RECORDS TO USE —
-------

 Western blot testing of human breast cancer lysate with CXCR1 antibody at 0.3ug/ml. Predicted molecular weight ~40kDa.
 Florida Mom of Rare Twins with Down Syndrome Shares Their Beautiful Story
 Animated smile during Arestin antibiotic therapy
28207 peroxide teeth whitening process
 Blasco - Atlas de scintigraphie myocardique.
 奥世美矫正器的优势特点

-------

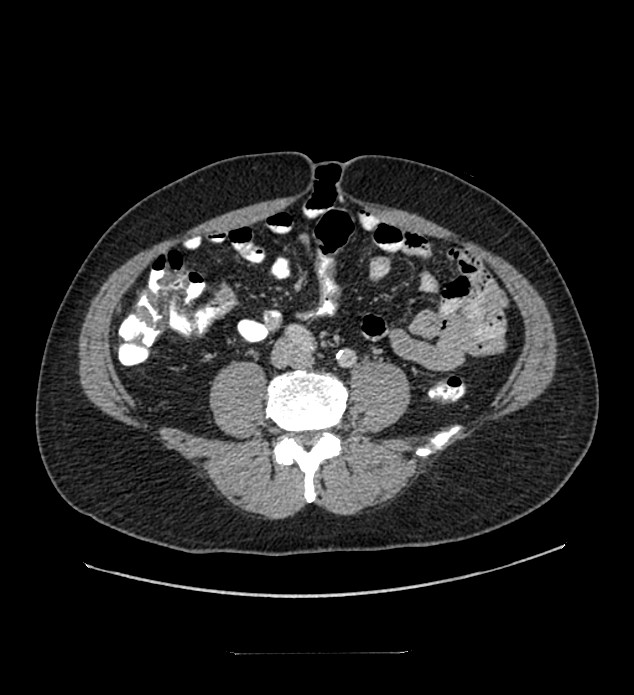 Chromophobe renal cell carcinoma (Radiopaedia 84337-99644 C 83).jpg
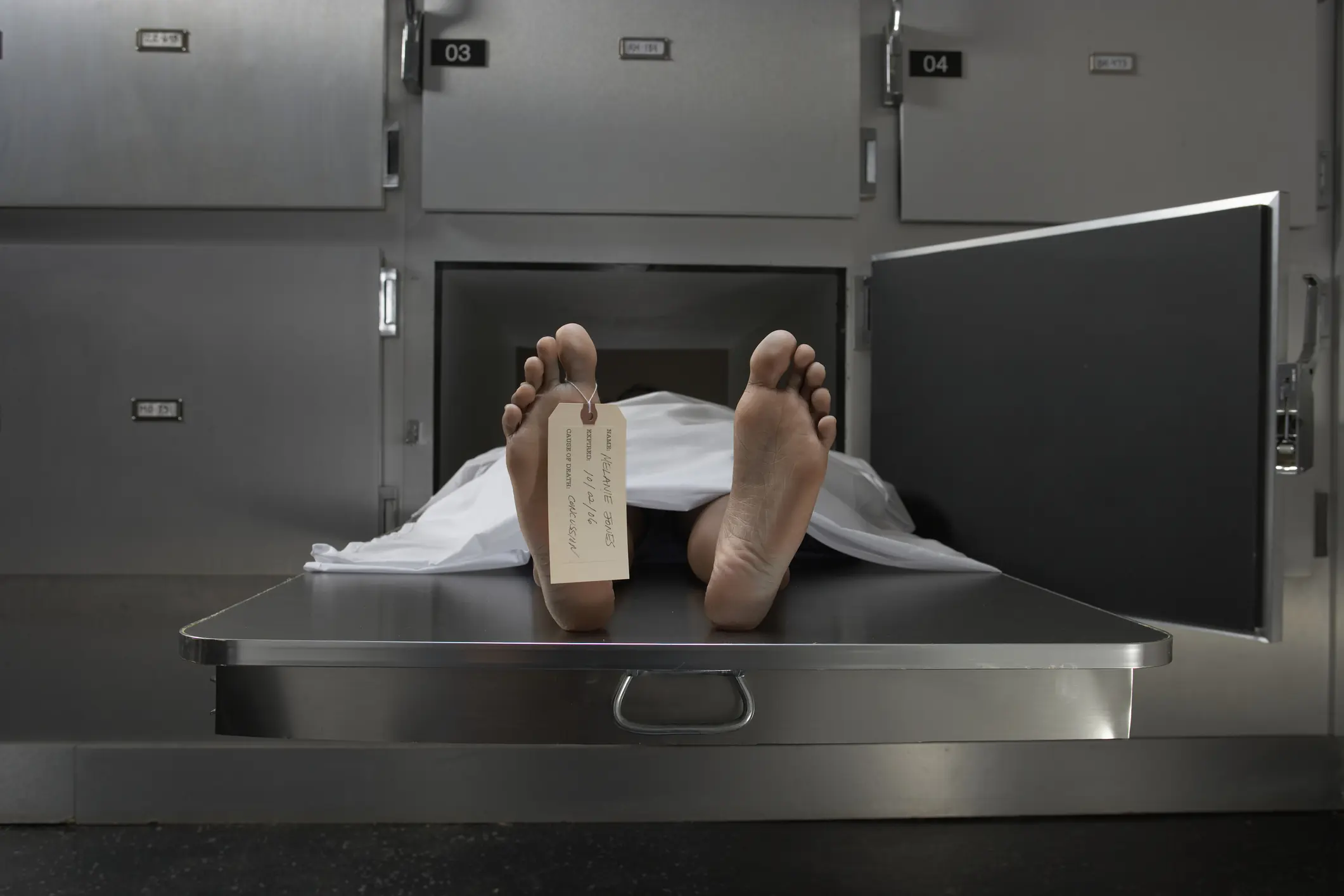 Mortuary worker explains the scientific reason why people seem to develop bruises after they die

-------

REQUIRED WORK — Please copy the lines above from the line with "Blasco - Atlas de scintigraphie myocardique." up to and including the line with "奥世美矫正器的优势特点", exactly as written and with nothing else.

EXPECTED ANSWER —
 Blasco - Atlas de scintigraphie myocardique.
 奥世美矫正器的优势特点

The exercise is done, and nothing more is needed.